Las formas de captación van desde las más sutiles hasta las más agresivas. En unas, quien recluta puede incluso seducir para ganar la confianza de una comunidad y sus familias, para que, de forma aparentemente voluntaria, los y las menores accedan a hacer parte de los grupos armados, incluso con la anuencia de sus familias. El caldo de cultivo perfecto son las condiciones de pobreza, violencia dentro de los hogares, venganza y el hábito a la desesperanza.
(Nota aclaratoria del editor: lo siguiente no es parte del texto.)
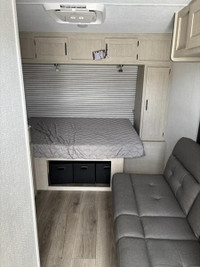 Shasta Oasis SST16RE- Have you been searching for a light towable travel trailer? A place to escape... (image 4)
Por otro lado, existen las redadas en las que de forma más contundente arrebatan a menores de sus hogares o establecen condiciones y chantajes, de manera que muchas familias terminan entregando a sus hijos e hijas antes que les asesinen.

Y la amenaza es tan fuerte, que en el 2022 se confirmaron los casos de 30 menores del Chocó quienes se suicidaron y 40 intentaron hacerlo para evitar ser reclutados, en su mayoría pertenecientes a 150 comunidades indígenas de ese departamento.
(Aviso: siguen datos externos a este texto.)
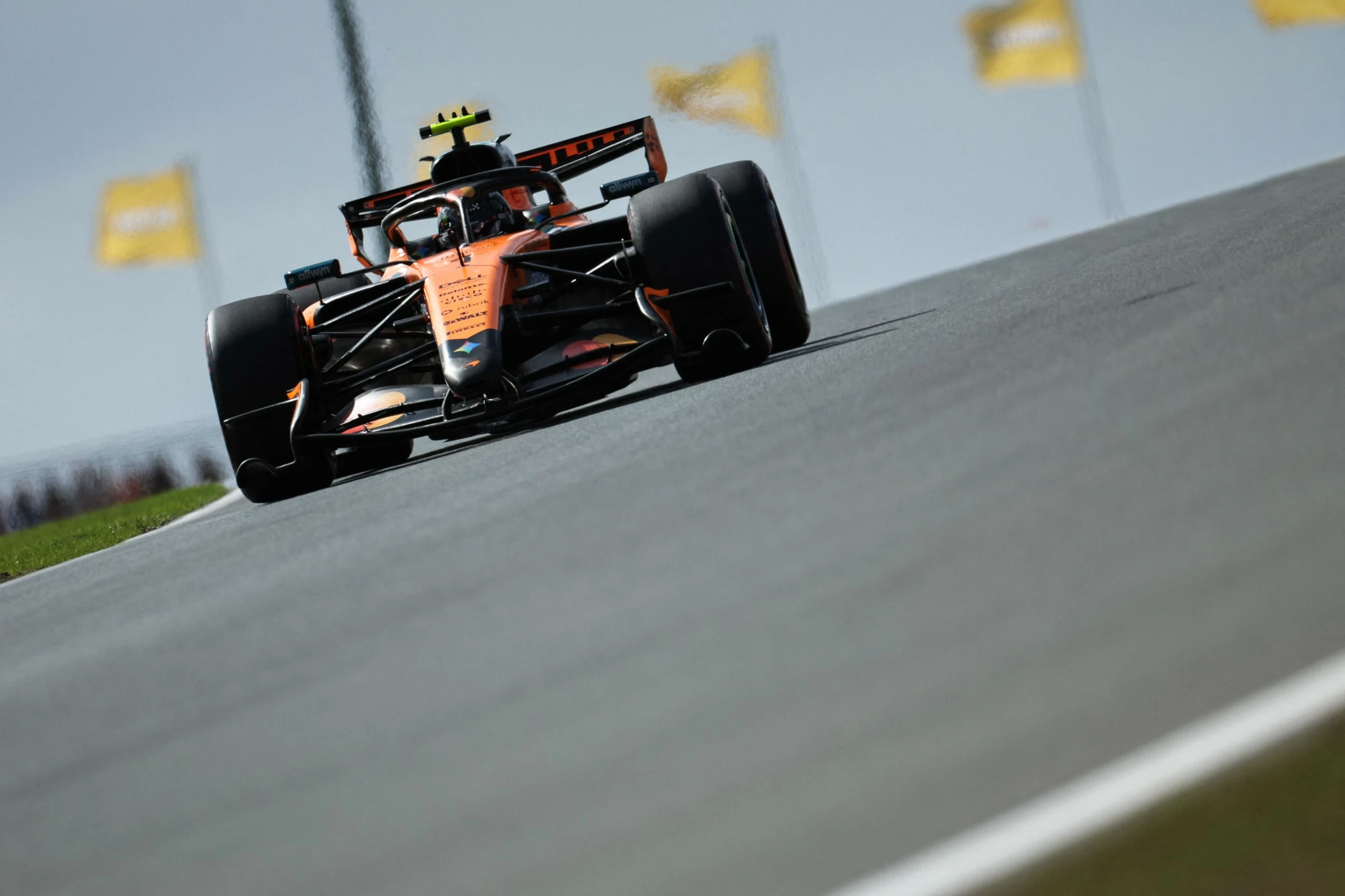 Norris schlägt Russell und holt sich den Pole-Platz beim Hattrick für ...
En el 2017 el Informe Una guerra sin edad del Centro Nacional de Memoria Histórica, documentó los casos en los que se afectan las vidas de miles de niños, niñas y adolescentes a causa de las acciones sin control de estos grupos que se pasean por el territorio nacional como por el patio de su casa. El impacto en la salud física y mental de menores que han vivido estos estragos son irreparables, aunque existen algunas acciones paliativas, nada podría remediar la forma cómo se magulló la inocencia y el derecho a ser niño o niña cuando le tocaba.
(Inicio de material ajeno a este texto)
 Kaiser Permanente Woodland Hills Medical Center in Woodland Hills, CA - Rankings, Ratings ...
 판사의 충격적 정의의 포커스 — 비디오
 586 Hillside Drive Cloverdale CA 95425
De eso no se habla como problema urgente en el país. La agenda política y mediática encuentra fácilmente distractores para evadir constantemente su responsabilidad, pues teniendo los mecanismos legales como decretos y estrategias nacionales, se ha demostrado que no han hecho lo suficiente.

Estos 20 años de falta de acción rápida para proteger la vida, dignidad, libertad e igualdad de la infancia y la adolescencia  que ha sido y sigue siendo reclutada, usada, utilizada y violada en la guerra, pasarán la factura social, económica y política pronto, por ejemplo, en la ruptura del legado de los pueblos indígenas y afrocolombianos que tienen amenazada a su juventud; pero también por el impacto de la violencia, en todas las esferas,  en las vidas futuras  de mujeres y hombres que participaron en el conflicto armado interno en contra de su voluntad.  

Falta seguirse cuestionando sobre el impacto del servicio militar obligatorio que deben prestar miles de jóvenes, que recoge a aquellos quienes además no tienen condiciones para comprar la libreta militar, lo que se traduce en que al final, una misma generación de jóvenes excluidos y pobres, se terminan enfrentando con armas, pero en diferentes bandos.